I could feel the warmth of him on my back even as we climbed the stairs to the studio. I fell into a window seat and lounged with an arm behind my head. I saw Josh opening the Notes app on his phone. He’d written down his questions and was getting ready to write my answers.
After he was ready, I sat down on the couch next to him. “Wow. You could be a reporter if you wanted to, Josh,” I commented. He chuckled.
Conner came to rest on the arm of the sofa next to me. His thigh pressed against my elbow. I stared for a second before forcing my eyes up and looking him in the eye. He promptly winked at me, and I rolled my eyes at him before turning back to Josh. Conner pulled me over so that my head rested on his leg and I was half-sitting up. I wanted to move away, but my muscles seemed to be working against me. All I could do was position myself more comfortably. Conner’s leg didn’t have much potential for a pillow, but I wouldn’t trade it for anything, not at the moment.
“Wow. We forgot to ask you to ask you to tell us about yourself,” Carson said.
“That’s rather rude of us. Apologies. So, Vera, what do you like to do? Who are you?” Conner asked.
“Oh. Well, there’s nothing really interesting. I play tennis, I have a music addiction, and I’m kind of a cat lady. I love to exercise. It usually doesn’t matter what I do as long as it gets my heart going. I like to sing, if that wasn’t obvious. My name means ‘bringing victory’ and my nickname means ‘faith’.”
“What is one thing you really want to do before you die?” Austin asked me.
“Besides meeting you guys?” I paused to laugh at myself. “I’d want to fall in love.” I was surprised at how honest I could be in front of them.
“That’s a good one,” Austin said.
“Are you any good at writing songs?” Josh asked.

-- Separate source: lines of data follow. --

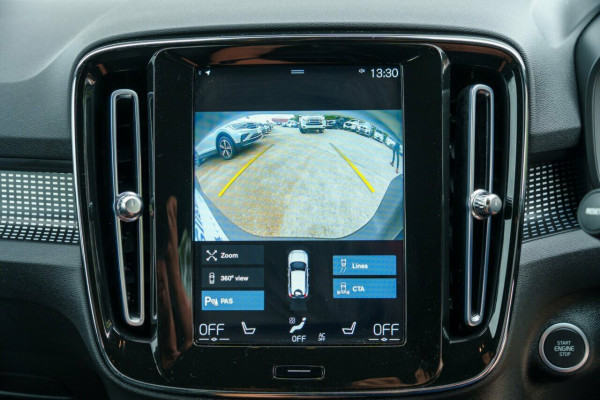 2021 Volvo XC40 XZ T5 R-Design SUV Image 16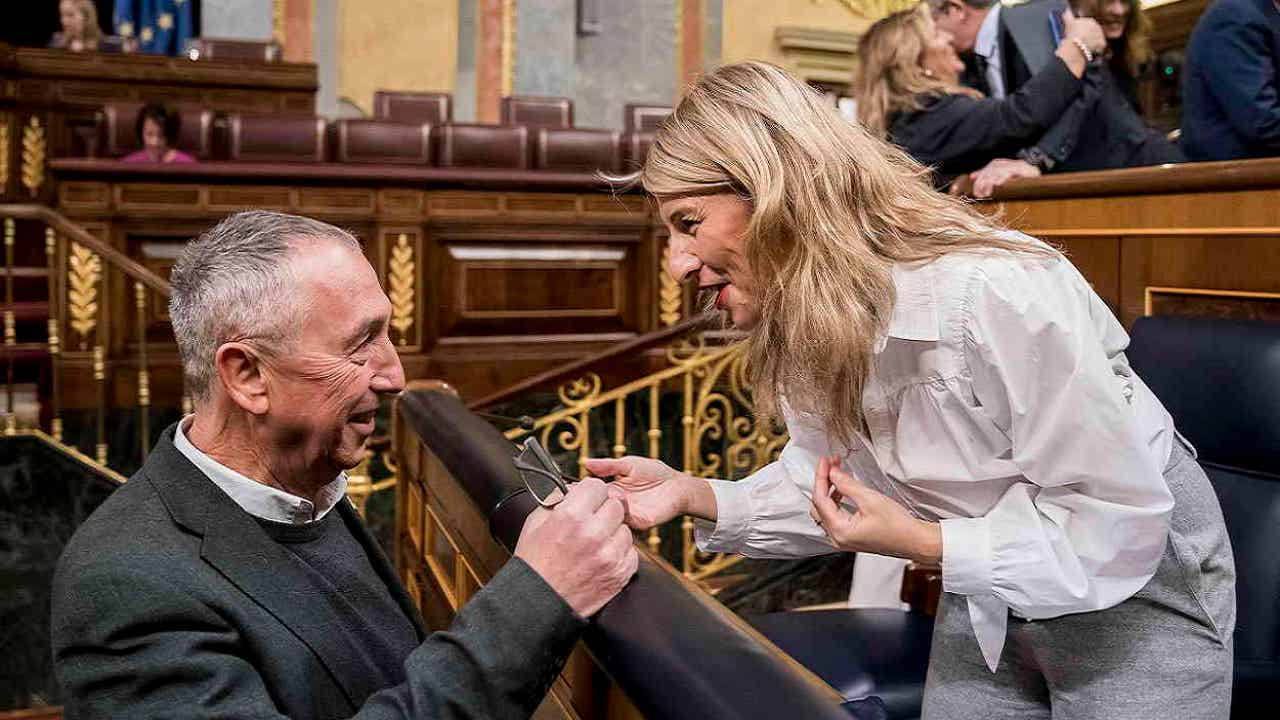 Compromís amenaza con romper con Sumar por negarse a citar a Sánchez en la comisión de la DANA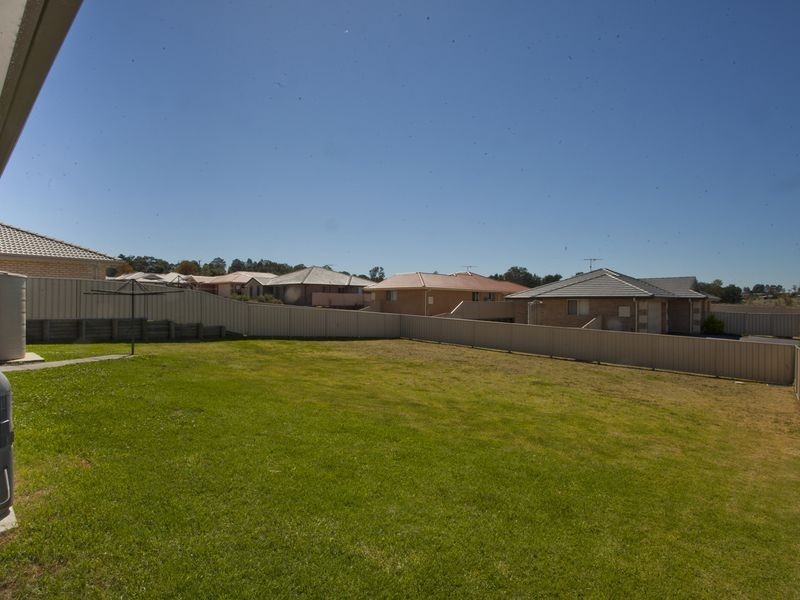 27 Devon Street, Greta NSW 2334
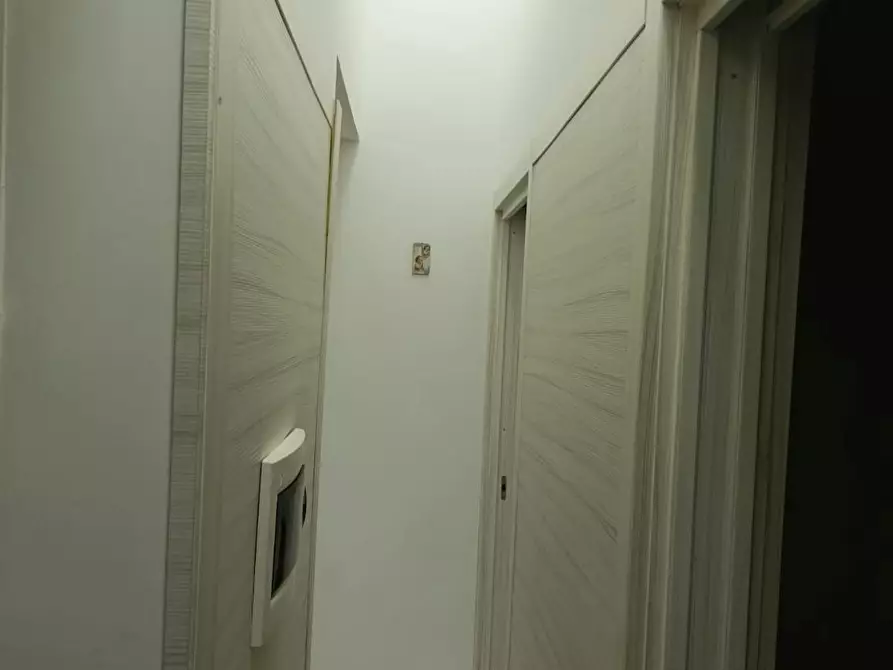 Immagine 10 di Camera in affitto  in Vico Vetriera Vecchia a Napoli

“Well, I haven’t really tried it before. I used to write, well, um, poetry and things like that, if that helps.” My response was one of the most awkward things I’d ever said.
Their only responses were a quirked eyebrow from Josh, a grin from Austin, and a quiet laugh from Carson. Except for Conner, of course.
“I can see that. You in the corner, hunched over your phone with your earbuds in, writing poems,” Conner said. He had no idea how close to home he’d hit. “A mysterious poetry-writer and cat lady. Intriguing. Is your poetry good?”
I could feel my cheeks turning an unattractive shade of red. All I could think was God, no, God, no, God, no over and over. That was something none of them ever needed to see. Thankfully, Josh cleared his throat loudly.
“How did you find out about us?”
“It was an accident, honestly. SoundCloud was playing random music it thought I might like and Testify came on. And from that point on, I was obsessed, really.”
“A modern love story – teenage girl meets music,” Austin said.
I nodded earnestly. “You just described my entire life right there. I probably spend too much time on music,” I said, smiling. “What’s next?”